Some of Tyler Cowen’s ideas are okay. For example, I agree that some defense cuts would not be a “Keynesian disaster.” A few days after Obama was inaugurated Secy Gates’ staff invited me to participate in a 2-week brainstorming session to come up with ideas for making defense spending part of the stimulus plan. Some of this was a spin-off from something that Martin Feldstein had been pushing in a few op-ed pieces. And I think one could have made a good case for defense spending as fiscal stimulus if the spending had been concentrated on O&M budget lines…stuff like advancing repair and remanufacturing programs for shot-up vehicles and weapon systems. And that kind of spending would have held down outyear spending to replace those systems outright rather than repairing them. But that’s not where the admirals & generals wanted to go. They wanted procurement appropriation dollars for brand new shiny toys with bells & whistles that would have become a permanent burden long after the recession was over. I’m glad I found an excuse to be too busy those weeks. So I agree with Cowen’s point about the goodness of cutting some kinds of defense spending.
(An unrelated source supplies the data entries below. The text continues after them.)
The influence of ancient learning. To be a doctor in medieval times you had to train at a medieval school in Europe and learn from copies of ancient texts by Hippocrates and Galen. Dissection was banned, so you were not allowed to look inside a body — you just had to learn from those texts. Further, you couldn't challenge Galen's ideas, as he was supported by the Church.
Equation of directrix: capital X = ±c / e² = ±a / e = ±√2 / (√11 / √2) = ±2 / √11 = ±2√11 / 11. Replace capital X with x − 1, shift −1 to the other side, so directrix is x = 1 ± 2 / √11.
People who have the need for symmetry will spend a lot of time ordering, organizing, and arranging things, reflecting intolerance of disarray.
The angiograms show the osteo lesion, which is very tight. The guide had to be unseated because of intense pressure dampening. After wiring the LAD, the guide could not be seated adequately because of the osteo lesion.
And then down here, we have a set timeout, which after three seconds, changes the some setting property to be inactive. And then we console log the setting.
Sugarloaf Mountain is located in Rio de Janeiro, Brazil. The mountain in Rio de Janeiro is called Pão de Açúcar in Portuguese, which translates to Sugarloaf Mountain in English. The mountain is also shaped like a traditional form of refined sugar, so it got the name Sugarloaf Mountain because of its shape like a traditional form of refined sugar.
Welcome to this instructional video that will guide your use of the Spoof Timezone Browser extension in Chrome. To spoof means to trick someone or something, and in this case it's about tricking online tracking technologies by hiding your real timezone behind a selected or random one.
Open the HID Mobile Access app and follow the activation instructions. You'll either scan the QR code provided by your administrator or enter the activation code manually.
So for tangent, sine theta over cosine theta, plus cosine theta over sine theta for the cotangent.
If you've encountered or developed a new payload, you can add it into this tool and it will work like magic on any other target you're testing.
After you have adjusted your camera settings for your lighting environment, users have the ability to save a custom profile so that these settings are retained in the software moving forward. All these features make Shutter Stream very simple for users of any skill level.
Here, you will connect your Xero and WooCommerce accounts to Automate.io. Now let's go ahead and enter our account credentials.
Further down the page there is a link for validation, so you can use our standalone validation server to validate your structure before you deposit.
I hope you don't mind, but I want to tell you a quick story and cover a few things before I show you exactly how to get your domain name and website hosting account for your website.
But some of Cowen’s other points just seem bizarre. For example, cutting Medicare spending to push doctors into accepting Medicaid seems ill-advised. Medicaid is largely a state run program, and states are likely to offset any increases in Medicaid spending with reductions in other things, like infrastructure spending. And Medicare is what’s actually holding down healthcare cost growth in general. Cutting Medicare only increases the burden on private sector insurance, which is growing at 2% more per year than is Medicare. So this just seems off-the-wall dumb.
Bryce If you mean that no one believes Obamacare will reduce healthcare costs in terms of absolute dollars, then yes, I agree. But no one is arguing that Obamacare would do that, so I don’t see your point. What Obamacare will do is to reduce the growth rate of healthcare spending relative to what it would have been had Obamacare not been passed. Yes, you can point to some crazy Heritage Foundation “analysis,” but that Heritage paper was soundly beaten to a pulp long ago by actual economists, unlike the clowns at Heritage that pretend to be economists.